Anyone who has played high school basketball in Los Angeles over the past 40 years probably participated in or was influenced in some little way by the Watts Summer Games, a sports tournament that brought together teenagers, coaches and fans from diverse ethnic backgrounds and different neighborhoods while teaching tolerance and sportsmanship.
It was launched in 1968 as the Watts Junior Olympics in the aftermath of the 1965 Watts riots, then became the Watts Summer Games a year later run by the Los Angeles Junior Chamber of Commerce. The event featured a variety of sports, but basketball always took center stage.
"L.A. City basketball was outstanding and inner city basketball was phenomenal," Westchester Coach Ed Azzam said.
The 1970s and 1980s were a time when Verbum Dei, Crenshaw, Dorsey and Jordan were basketball powerhouses. It was also a time neighborhoods didn't interact very often. Having teams come to high schools in Watts was a powerful educational experience for many teenagers.
"The fear of playing inner city teams was somewhat eliminated," said Steve Miller, who coached at Fairfax in the 1970s and later at North Hollywood.
I can still remember as a high school basketball manager at Sun Valley Poly in the 1970s traveling to a game in Watts. Yes, playing an inner city team meant getting routed, but I wanted that Watts Summer Games T-shirt that was given to every player and coach who participated.
There were handshakes before games, along with a talk about sportsmanship. Whatever was happening in the world that day and whatever prejudices anyone had were forgotten for at least one hour. And maybe some minds were changed forever.
It's 2014, and Los Angeles has changed, with schools and neighborhoods more diverse. The world has changed, with the United States having its first African American president. Sports opportunities have changed, with tournaments, camps and competitions taking over seemingly every weekend of the summer.
In recent years, the quality of the basketball competition in the Watts Summer Games deteriorated. Coaches chose other tournaments to spend their Father's Day weekend.
In April, the Los Angeles Junior Chamber of Commerce announced it had canceled this year's Watts Summer Games. It required too many volunteers to run. But a spokesman for the board of directors said Wednesday that the Watts Summer Games will return next year under the guidance of a still unnamed for-profit organization that promises to uphold the standards and principles of the original event.
Its legacy is clear. The Watts Summer Games have done more to educate teenagers in Los Angeles about getting along with people from different ethnic backgrounds than many federal or state programs.
More than 300,000 athletes have participated in the Watts Summer Games through the years. That's a lot of T-shirts that were printed, passed out and cherished.

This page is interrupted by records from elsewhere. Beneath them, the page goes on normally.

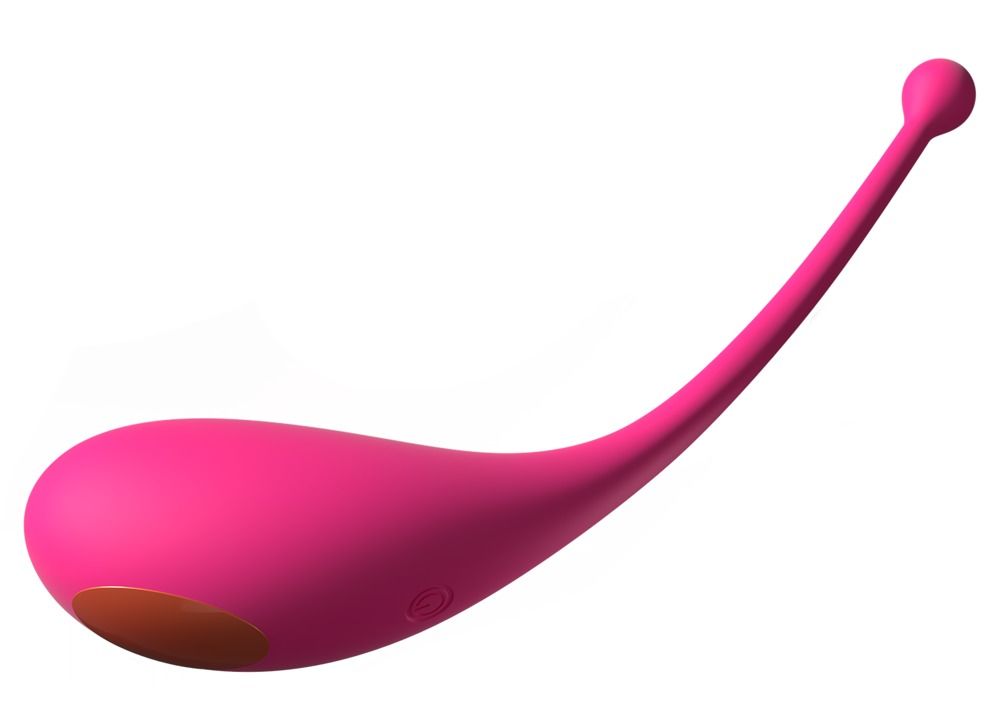 Rosa Ei-förmiges Produkt mit gebogenem Stiel und Kugel. Drei Knöpfe. Weißer Hintergrund.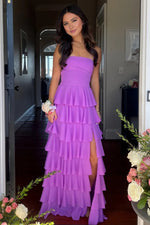 Strapless A Line Chiffon Purple Prom Dress Party Dress With Ruffles
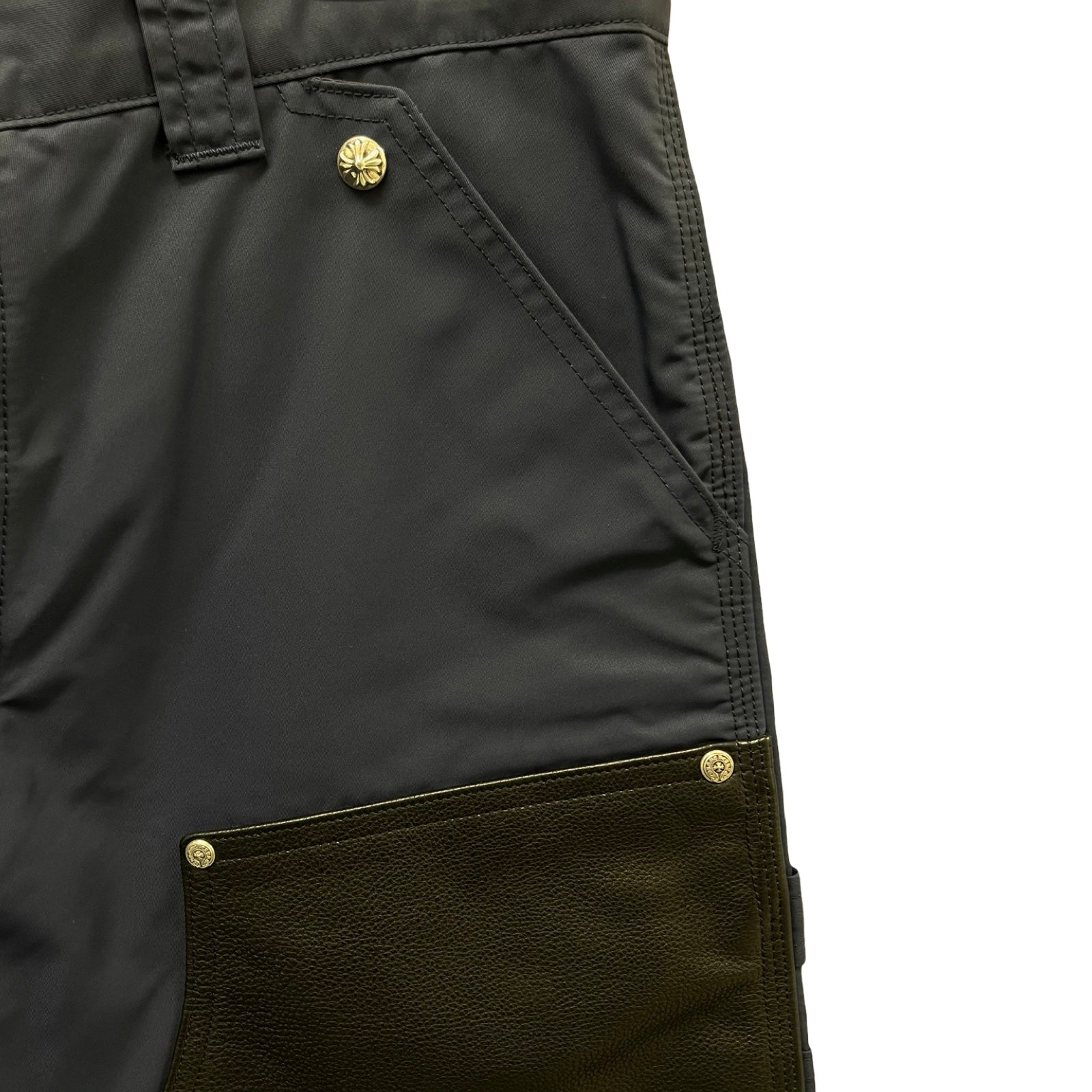 CHROME HEARTS Ynot Nylon Leather Cross Patch Shorts Size 32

"I liked the original premise to bring people together," Azzam said. "Any time you can bring kids together and give them a history lesson on what people had to go through to get where you are now, it's a good thing."
Few people will probably remember which teams won the Watts Summer Games championship trophy through the years, but anyone who played in the event will understand how it changed people's perceptions and helped introduce new ways of thinking every summer on Father's Day weekend.